Principal Component Analysis

This calculation creates a spatial representation of the similarities within a selected group, or all of the sequences in an alignment. After the calculation finishes, a 3D viewer displays the set of sequences as points in 'similarity space', and similar sequences tend to lie near each other in the space.

Note: The calculation is computationally expensive, and may fail for very large sets of sequences - usually because the JVM has run out of memory. A future release of Jalview will be able to avoid this by executing the calculation via a web service.

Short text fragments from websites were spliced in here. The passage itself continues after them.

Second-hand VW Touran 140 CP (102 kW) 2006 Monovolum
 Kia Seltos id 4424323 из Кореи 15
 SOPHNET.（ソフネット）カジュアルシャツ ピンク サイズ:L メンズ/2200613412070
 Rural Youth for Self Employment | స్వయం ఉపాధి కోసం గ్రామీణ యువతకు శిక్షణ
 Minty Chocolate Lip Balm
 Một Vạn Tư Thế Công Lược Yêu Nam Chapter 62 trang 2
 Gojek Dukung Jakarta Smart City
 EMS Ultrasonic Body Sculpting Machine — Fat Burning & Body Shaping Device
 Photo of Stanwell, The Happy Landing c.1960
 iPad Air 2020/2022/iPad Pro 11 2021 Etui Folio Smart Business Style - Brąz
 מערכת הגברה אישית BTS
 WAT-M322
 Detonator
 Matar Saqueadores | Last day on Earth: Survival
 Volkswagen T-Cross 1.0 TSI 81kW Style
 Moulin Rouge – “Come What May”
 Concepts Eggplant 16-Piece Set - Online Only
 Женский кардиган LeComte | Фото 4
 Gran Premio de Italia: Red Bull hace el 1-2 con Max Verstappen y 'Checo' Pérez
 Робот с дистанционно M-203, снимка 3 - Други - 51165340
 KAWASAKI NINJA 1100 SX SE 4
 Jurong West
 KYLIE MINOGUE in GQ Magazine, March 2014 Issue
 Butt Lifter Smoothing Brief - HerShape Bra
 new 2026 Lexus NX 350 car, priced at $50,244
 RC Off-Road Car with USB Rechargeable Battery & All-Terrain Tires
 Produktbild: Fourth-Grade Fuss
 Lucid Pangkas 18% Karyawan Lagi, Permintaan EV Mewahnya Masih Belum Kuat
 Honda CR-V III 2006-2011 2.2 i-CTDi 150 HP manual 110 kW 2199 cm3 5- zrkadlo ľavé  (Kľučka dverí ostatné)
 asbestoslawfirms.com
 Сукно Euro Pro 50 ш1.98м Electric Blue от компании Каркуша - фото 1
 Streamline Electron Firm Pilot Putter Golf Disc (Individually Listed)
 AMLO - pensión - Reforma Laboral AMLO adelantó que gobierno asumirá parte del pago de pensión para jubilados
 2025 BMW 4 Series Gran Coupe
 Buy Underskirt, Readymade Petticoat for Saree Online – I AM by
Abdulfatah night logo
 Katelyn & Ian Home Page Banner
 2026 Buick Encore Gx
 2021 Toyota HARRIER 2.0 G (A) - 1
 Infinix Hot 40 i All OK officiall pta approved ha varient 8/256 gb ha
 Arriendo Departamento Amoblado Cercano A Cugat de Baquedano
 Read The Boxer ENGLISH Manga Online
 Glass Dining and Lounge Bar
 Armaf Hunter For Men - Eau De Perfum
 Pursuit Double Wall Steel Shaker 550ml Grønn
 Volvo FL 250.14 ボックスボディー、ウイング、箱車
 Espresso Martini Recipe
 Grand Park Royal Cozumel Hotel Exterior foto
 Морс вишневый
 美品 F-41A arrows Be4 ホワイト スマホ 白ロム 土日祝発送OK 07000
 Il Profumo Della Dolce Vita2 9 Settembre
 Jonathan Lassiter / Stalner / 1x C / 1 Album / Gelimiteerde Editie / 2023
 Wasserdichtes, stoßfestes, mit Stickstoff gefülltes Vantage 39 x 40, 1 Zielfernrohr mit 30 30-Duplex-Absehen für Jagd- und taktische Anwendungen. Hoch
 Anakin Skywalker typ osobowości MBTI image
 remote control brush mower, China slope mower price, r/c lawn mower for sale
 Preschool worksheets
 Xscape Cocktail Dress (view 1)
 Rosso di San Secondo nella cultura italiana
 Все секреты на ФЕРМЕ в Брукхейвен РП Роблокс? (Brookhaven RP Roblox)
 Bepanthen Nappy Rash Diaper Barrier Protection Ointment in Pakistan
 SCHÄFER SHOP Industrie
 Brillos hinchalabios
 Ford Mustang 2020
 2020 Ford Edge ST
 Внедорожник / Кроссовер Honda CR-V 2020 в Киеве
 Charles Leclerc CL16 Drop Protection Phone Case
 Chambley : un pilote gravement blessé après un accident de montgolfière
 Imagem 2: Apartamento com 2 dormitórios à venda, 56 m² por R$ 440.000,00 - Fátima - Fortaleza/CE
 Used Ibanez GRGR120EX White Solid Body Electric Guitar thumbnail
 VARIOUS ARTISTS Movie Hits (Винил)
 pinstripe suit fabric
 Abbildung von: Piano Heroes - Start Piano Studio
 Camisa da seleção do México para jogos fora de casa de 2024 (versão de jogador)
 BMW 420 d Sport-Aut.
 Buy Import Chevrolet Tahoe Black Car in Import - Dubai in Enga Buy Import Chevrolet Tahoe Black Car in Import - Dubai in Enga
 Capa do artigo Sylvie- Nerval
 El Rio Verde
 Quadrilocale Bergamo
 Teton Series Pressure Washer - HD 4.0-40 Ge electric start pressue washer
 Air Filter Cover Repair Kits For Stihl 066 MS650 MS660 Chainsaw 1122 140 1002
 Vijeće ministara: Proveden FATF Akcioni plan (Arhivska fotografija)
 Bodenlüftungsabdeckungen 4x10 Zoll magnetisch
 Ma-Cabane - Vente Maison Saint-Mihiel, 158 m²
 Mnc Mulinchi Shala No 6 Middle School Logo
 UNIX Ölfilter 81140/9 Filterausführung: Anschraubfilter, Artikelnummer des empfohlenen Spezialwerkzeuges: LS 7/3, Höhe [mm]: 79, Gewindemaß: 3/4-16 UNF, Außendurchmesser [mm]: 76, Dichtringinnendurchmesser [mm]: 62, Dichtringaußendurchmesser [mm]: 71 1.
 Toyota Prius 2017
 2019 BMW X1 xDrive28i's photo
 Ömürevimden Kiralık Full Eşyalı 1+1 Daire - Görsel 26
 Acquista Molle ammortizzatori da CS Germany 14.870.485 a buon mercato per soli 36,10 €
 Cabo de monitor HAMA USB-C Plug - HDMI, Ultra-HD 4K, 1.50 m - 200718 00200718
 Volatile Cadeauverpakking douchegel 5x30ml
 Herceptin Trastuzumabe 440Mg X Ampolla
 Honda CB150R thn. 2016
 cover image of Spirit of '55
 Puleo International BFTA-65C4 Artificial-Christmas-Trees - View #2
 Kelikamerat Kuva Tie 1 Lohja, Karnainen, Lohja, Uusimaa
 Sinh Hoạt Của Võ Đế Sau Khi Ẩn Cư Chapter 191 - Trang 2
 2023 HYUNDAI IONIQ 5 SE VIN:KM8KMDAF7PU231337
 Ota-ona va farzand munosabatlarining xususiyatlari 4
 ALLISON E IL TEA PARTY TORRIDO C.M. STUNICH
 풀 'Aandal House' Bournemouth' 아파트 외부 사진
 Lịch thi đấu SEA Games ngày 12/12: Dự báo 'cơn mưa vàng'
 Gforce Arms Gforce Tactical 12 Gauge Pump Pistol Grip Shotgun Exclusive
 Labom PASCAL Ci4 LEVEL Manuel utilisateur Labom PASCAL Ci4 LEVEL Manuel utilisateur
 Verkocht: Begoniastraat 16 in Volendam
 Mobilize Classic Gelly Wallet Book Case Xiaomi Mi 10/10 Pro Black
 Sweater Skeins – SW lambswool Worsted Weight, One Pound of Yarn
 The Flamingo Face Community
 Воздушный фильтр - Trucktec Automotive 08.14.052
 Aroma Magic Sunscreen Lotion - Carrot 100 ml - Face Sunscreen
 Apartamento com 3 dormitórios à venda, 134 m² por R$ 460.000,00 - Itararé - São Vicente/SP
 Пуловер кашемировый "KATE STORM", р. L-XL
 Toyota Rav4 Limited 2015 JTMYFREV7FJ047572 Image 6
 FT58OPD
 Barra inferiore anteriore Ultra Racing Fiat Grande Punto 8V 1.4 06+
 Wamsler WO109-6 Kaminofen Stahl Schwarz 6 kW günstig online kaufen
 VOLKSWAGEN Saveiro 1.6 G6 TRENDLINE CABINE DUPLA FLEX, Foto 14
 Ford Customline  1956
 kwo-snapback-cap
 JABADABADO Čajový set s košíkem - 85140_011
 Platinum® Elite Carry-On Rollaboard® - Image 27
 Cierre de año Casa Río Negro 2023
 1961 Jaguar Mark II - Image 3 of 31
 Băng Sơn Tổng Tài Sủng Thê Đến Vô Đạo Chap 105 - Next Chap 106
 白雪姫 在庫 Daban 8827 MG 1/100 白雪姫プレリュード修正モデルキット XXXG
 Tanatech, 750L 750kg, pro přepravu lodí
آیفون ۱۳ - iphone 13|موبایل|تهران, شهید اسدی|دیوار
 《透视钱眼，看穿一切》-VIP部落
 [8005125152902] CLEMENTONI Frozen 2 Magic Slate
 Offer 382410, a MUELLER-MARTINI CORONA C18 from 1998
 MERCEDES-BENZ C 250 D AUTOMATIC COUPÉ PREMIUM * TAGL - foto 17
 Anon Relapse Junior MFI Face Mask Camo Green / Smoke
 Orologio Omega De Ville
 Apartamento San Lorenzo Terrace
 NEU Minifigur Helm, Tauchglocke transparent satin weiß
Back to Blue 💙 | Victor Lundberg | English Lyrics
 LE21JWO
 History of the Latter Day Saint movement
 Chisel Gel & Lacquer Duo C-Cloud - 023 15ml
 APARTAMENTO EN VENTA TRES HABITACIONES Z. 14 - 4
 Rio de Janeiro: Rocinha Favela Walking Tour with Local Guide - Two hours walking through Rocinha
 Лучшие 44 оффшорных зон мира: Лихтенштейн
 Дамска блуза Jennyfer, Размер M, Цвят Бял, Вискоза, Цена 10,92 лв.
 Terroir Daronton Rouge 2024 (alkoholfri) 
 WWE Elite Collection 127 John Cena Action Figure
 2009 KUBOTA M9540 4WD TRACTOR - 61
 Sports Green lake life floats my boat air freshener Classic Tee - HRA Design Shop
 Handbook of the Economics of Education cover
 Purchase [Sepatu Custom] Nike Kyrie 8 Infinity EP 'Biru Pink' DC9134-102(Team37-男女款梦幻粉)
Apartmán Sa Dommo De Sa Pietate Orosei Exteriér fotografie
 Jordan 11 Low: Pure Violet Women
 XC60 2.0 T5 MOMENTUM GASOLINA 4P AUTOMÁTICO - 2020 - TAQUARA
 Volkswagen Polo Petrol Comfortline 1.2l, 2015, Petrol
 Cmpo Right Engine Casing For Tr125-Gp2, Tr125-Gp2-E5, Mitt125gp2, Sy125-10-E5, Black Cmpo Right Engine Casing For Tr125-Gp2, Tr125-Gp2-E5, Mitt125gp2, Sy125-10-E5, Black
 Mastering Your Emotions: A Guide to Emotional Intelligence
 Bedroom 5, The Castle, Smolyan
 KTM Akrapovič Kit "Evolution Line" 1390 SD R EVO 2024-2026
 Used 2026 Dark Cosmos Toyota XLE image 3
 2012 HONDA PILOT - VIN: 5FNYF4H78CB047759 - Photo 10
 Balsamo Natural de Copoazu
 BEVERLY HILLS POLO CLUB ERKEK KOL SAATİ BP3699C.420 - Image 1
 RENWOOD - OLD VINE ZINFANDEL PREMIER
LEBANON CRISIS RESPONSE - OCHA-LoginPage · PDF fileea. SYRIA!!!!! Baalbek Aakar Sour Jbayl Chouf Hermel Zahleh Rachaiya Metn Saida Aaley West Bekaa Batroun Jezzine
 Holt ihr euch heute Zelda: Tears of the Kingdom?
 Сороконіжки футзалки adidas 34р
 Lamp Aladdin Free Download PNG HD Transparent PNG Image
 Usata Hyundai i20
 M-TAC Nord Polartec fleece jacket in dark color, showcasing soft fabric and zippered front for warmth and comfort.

Principal components analysis is a technique for examining the structure of complex data sets. The components are a set of dimensions formed from the measured values in the data set, and the principle component is the one with the greatest magnitude, or length. The sets of measurements that differ the most should lie at either end of this principle axis, and the other axes correspond to less extreme patterns of variation in the data set.

In this case, the components are generated by an eigenvector decomposition of the matrix formed from the sum of BLOSUM scores at each aligned position between each pair of sequences. The matrix is not symmetric - elements in the upper diagonal give the sum of scores for mutating in one direction, and the lower diagonal is the sum of scores for mutating in the other. This is a refinement of the method described in the paper by G. Casari, C. Sander and A. Valencia. Structural Biology volume 2, no. 2, February 1995 (pubmed) and implemented at the SeqSpace server at the EBI.

The PCA Viewer

This is an interactive display of the sequences positioned within the similarity space, as points in a rotateable 3D scatterplot. The colour of each sequence point is the same as the sequence group colours, white if no colour has been defined for the sequence, and green if the sequence is part of a the currently selected group.

The 3d view can be rotated by dragging the mouse with the left mouse button pressed. The view can also be zoomed in and out with the up and down arrow keys (and the roll bar of the mouse if present). Labels will be shown for each sequence if the entry in the View menu is checked, and the plot background colour changed from the View→Background Colour.. dialog box. The File menu allows the view to be saved (File→Save submenu) as an EPS or PNG image or printed, and the original alignment data and matrix resulting from its PCA analysis to be retrieved. The coordinates for the whole PCA space, or just the current view may also be exported as CSV files for visualization in another program or further analysis.

A tool tip gives the sequence ID corresponding to a point in the space, and clicking a point toggles the selection of the corresponding sequence in the associated alignment window views. Rectangular region based selection is also possible, by holding the 'S' key whilst left-clicking and dragging the mouse over the display. By default, points are only associated with the alignment view from which the PCA was calculated, but this may be changed via the View→Associate Nodes sub-menu.

Initially, the display shows the first three components of the similarity space, but any eigenvector can be used by changing the selected dimension for the x, y, or z axis through each ones menu located below the 3d display.